Por ello, en otro lugar, Tabucchi afirma ser “un viajero que nunca ha hecho viajes para escribir sobre ellos, algo que siempre me ha parecido una estupidez. Sería como si uno quisiera enamorarse para poder escribir un libro sobre el amor”.

Esto segundo es más estúpido, sin duda, que lo primero, pero la forzada comparación de Tabucchi va destinada a poner en valor la experiencia del viaje -como la del amor- por encima y al margen de cuanto se pueda escribir sobre lo uno y lo otro: la experiencia de la vida por encima de la experiencia de la literatura.

Sin embargo, Viajes y otros viajes es un libro, obviamente, sobre los viajes que Tabucchi ha realizado por los cinco continentes, una amable e incitante colección de viñetas y relatos breves que retratan con tono delicado e impresionista no sólo lugares y ciudades reales, sino también los paisajes imaginarios creados por escritores. Libros propios y ajenos acompañan a Tabucchi en sus excursiones, por lo que la literatura acaba teniendo una doble presencia ineludible.

Por acotar, entre las decenas de escenarios, diremos que Madrid, el barrio de Gracia en Barcelona, El Escorial y el museo Chillida-Leku son los pasajes españoles de la itinerancia de Tabucchi.
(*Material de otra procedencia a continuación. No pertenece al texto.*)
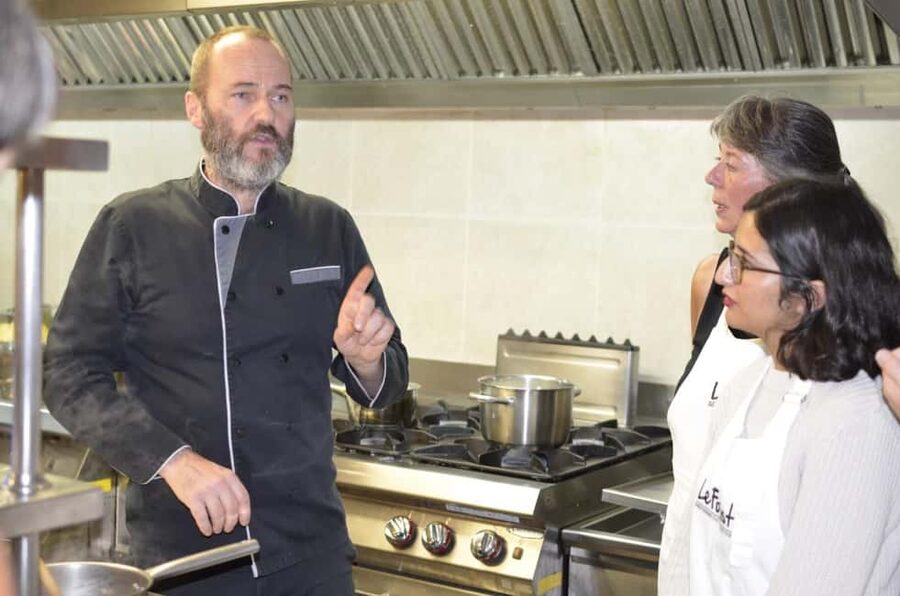 Paris: Evening Cooking Class with Optional Market Visit - The optional Latin Quarter market visit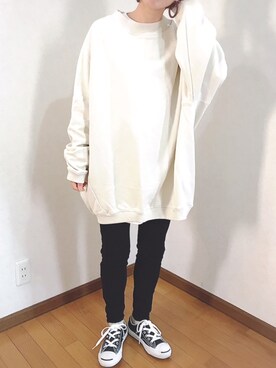 「antiqua」｜「アイテム（スウェット）」を使った、あゆさん（レディース・157cm）の冬コーディネート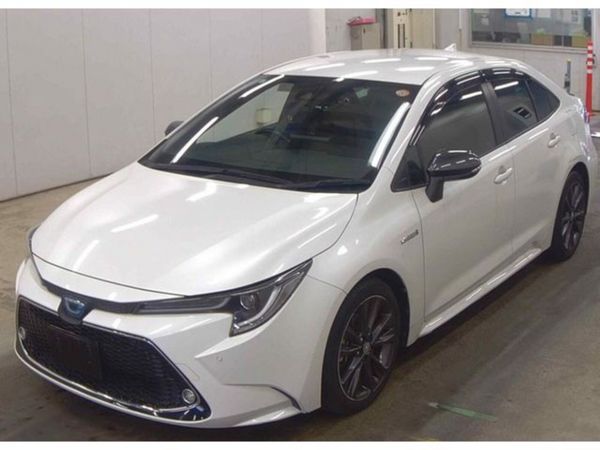 Toyota Corolla Saloon, Petrol Hybrid, 2019, White
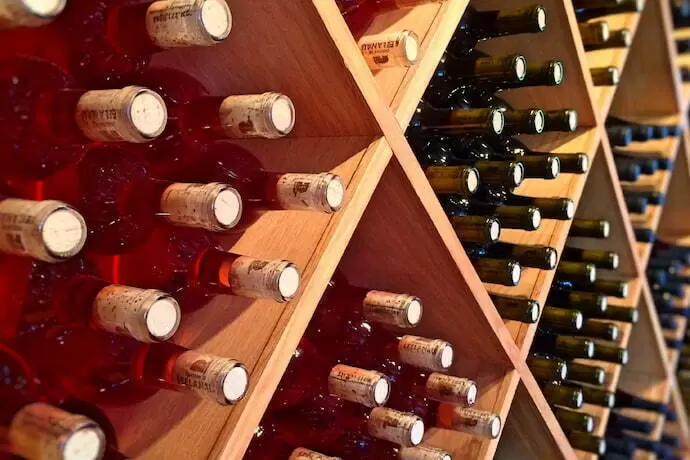 Prateleiras com diversas garrafas de vinho.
Sobre el museo Chillida-Leku escribe Tabucchi -antes de su cierre, aclara el editor- estas líneas: Es uno de los regalos más hermosos que un artista puede legar a su pueblo. El Chillida-Leku es un inmenso museo al aire libre, por más que, en el fondo, la palabra “museo” no sea adecuada del todo: es más bien un espacio, un lugar en el que moverse y pasar un rato, donde la naturaleza y el arte se combinan creando una suerte de hechizo que arrebata al visitante. La emoción estética, muy intensa, queda diluida por una enorme sensación de serenidad: es un lugar en el que las figuras humanas se empequeñecen, el espacio se agiganta, las proporciones cambian y cambia en nosotros la absurda idea de ser los dueños de esta Tierra. Los colores vibran: el rojo y el gris de las gigantescas esculturas, el verde resplandeciente de los prados y los tonos oscuros de las encinas centenarias, el azul intenso del cielo. La humildad nos invade, barriendo la arrogancia con la que solemos deambular por las urbes modernas.
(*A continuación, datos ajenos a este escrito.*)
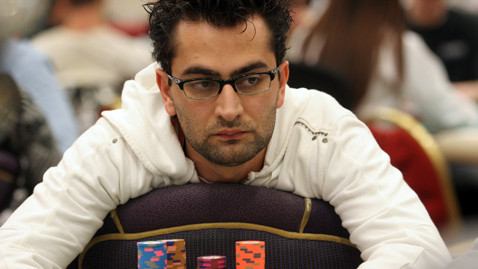 Antonio Esfandiari, protagonista del episodio 2 de la séptima temporada de High Stakes Poker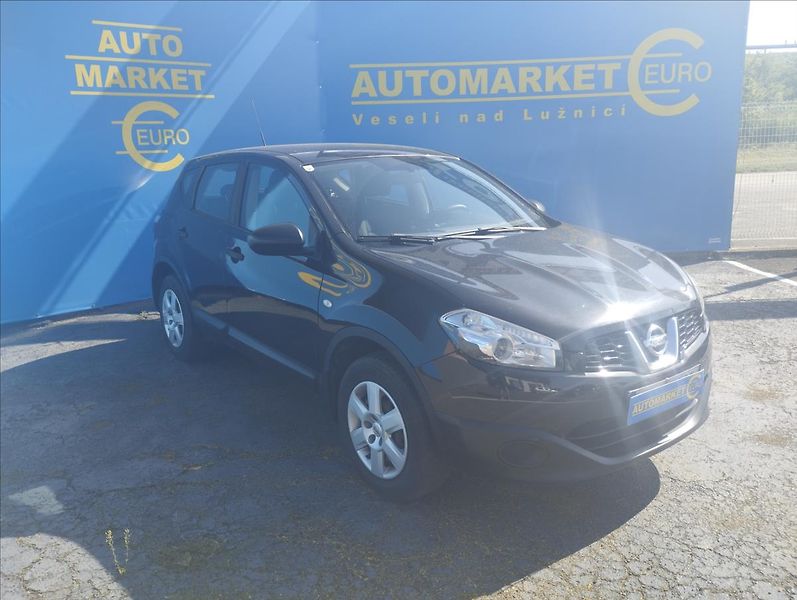 Nissan Qashqai 1,6 84KW - fotka 3 z 16
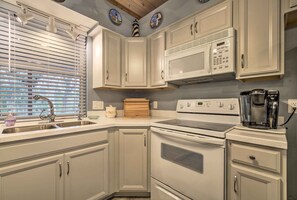 House (2 Bedrooms) | Interior - 1 Mi to Boat Launch: Crystal River Home w/ Dock (Crystal River)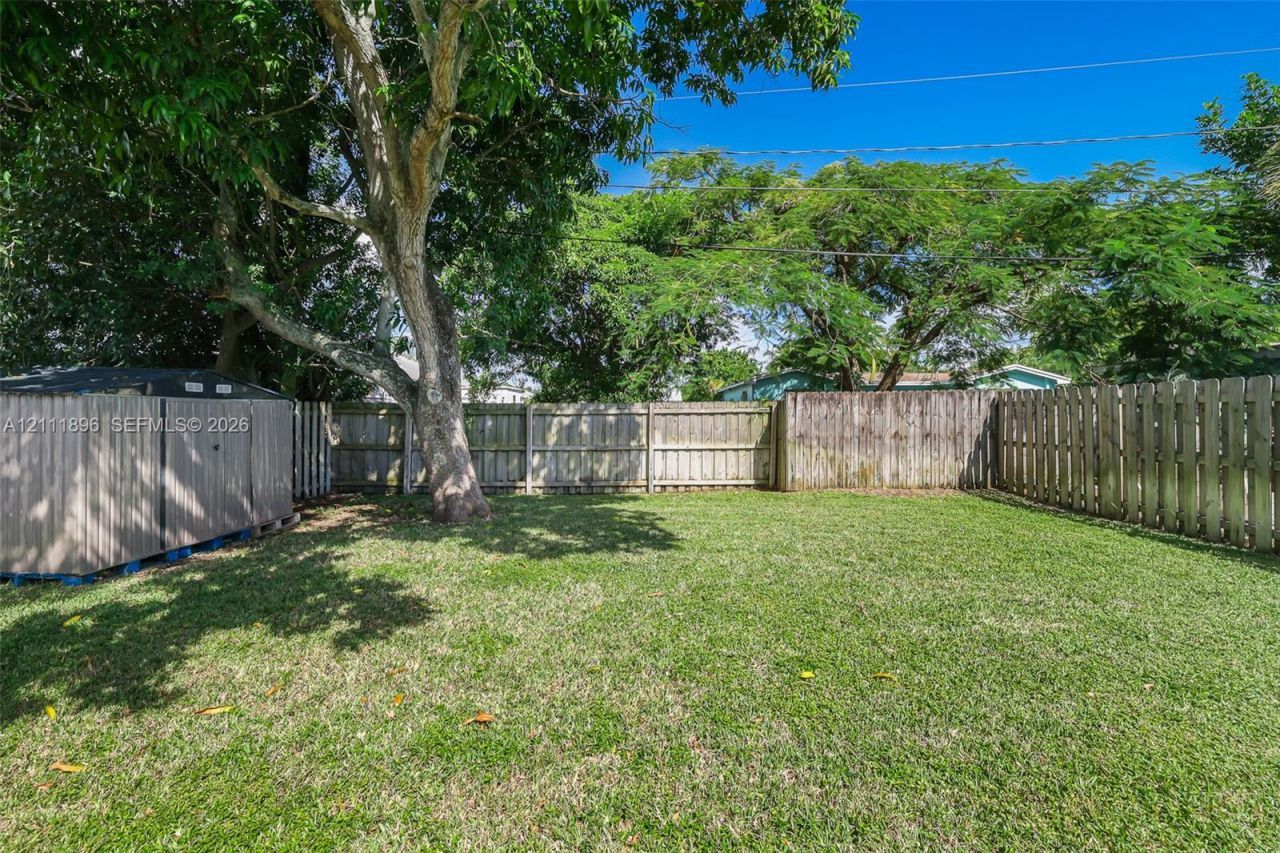 955 33rd St , West Palm Beach, FL 33407 Photo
¿Cómo es posible que un lugar así, que suscita tan hermosas palabras y tan salutíferas y salvíficas sensaciones, haya sido cerrado? ¿Cómo es posible que las partes implicadas en una discrepancia -la familia del artista, las autoridades, otras entidades- no sean capaces de llegar a un acuerdo que haga viable la reapertura inmediata de Chillida-Leku? Hay que exigírselo, no sin antes contestar a otra pregunta: ¿acaso no somos nosotros, cada uno de nosotros, también parte implicada?